しかしながら、Webサイトの爆発的な増加によって人手による情報収集・登録が難しくなり、ディレクトリ型検索エンジンは主流ではなくなります。
Yahoo! JAPANも 2018年3月でディレクトリ型検索エンジンのサービスを終了しています。
ロボット型検索エンジン
ロボット型検索エンジンの誕生

現在の主要な検索エンジンで導入されているのがロボット型検索エンジンです。
1996年に米Yahoo!が「Alta Vista」を採用したのを皮切りに、1998年にはYahoo! JAPANが「goo」を採用します。
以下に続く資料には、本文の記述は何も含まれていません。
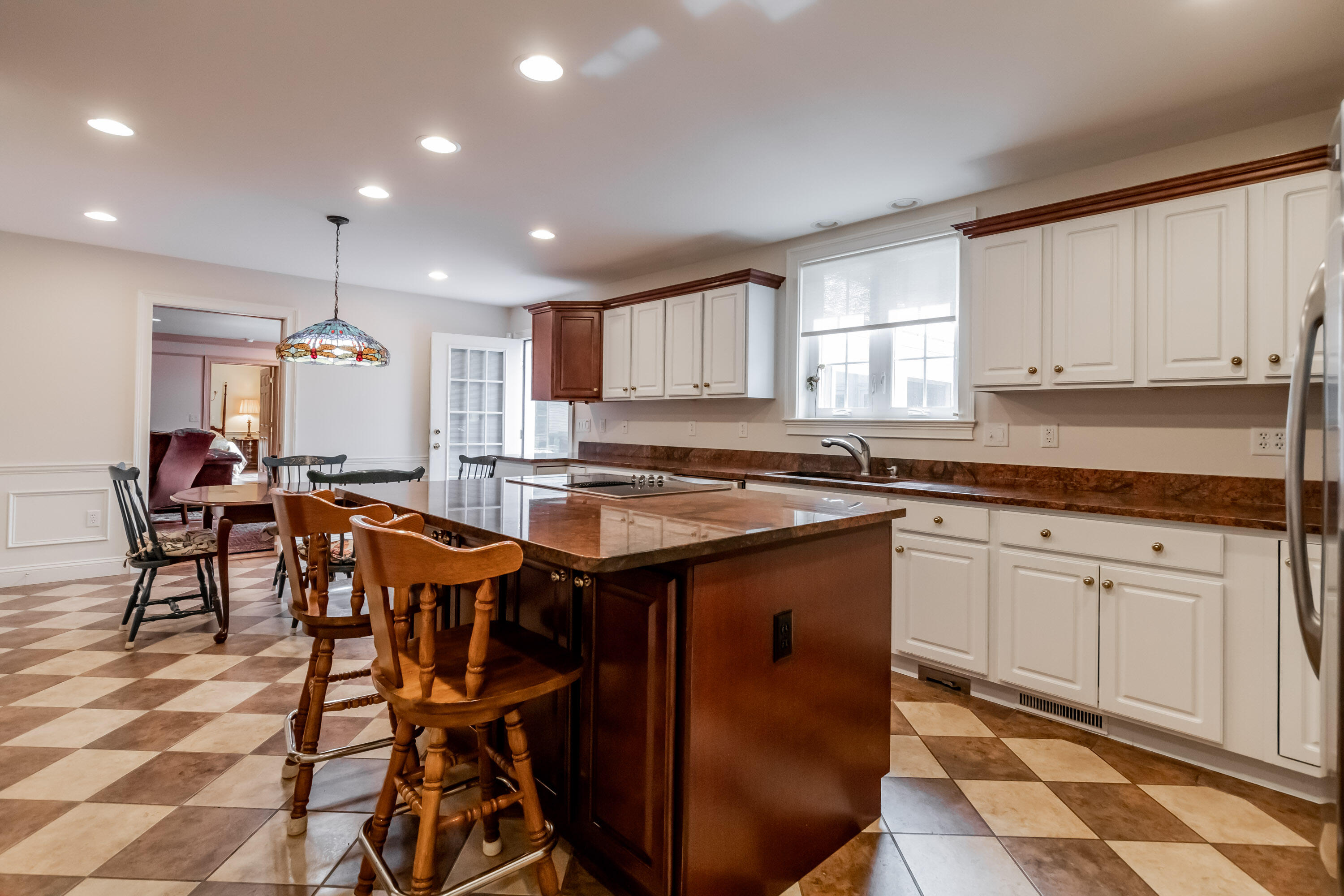20 Freedom Road Scarborough, ME 04074 - Photo 43 of 114 20230928ms-82054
1997年にはGoogleがドメインを取得してサービスを開始し、翌年には同名の法人を設立、2000年には日本語版のサービスも開始しました。
ロボット型検索エンジンは、クローラーと呼ばれるロボットが世界中のサイトの情報を自動に収集しデータベース化することで、ユーザーが検索したキーワードを基に適切なサイトを検索結果として表示するものです。
初期のロボット型検索エンジンの弱点
ロボット型検索エンジンが登場した当時のサイトの評価基準は、ページ内のキーワード出現率やサイトのページ数といった単純なものでした。
このため、検索アルゴリズムを逆手に取って意図的にサイトの検索順位を上げようとするサイト所有者がでてきました。
ウェブページの内容とは関連のない単語を大量に詰め込んだページや隠しテキストでキーワードを埋め込んだページが大量に生産されて、ウェブスパムが蔓延するようになりました。
また、Googleがページ内のキーワード出現率に加えて外部からのリンクという評価基準を新しく追加したことで、大量のリンクを貼っただけのWebサイトが多く登場するようになり、外部リンクスパムが増えました。
アップデートの幕開け
このようなユーザーにとって価値のない質の低いWebサイトを排除すべく、検索アルゴリズムを更新させてきたのがGoogleです。
Webの動きを解析するstatcounterによると、2022年9月現在の検索エンジンの世界シェアはGoogleが92.42%を占めています。
このため、現在のSEOではWebサイトをGoogleの検索アルゴリズムに合わせ、検索結果の上位に表示させることを目的としています。
主要なGoogleアップデート
Googleはユーザーに対して最も関連性と信頼性の高い情報を提供するために検索アルゴリズムを日々見直しています。
ほとんどの更新は軽微なものですが、大規模な更新も年に数回実施されています。
大規模な更新は「コアアップデート」と呼ばれ、検索結果に大きな影響をもたらすものです。
ここでは、主なGoogleアップデートを紹介します。
フロリダアップデート(2003年11月)
Googleリリース後初の大規模アップデート
フロリダアップデートは、Googleのリリース以降最初の重要なアップデートとして知られています。
ウェブスパムを除外して検索結果の品質を向上させることを目的として実施されました。
フロリダアップデートにより、Webページの内容とは関連のない単語を大量に詰め込んで検索結果の順位を上げようとするキーワードスタッフィングのような手法を用いたWebサイトの評価が下がるようになりました。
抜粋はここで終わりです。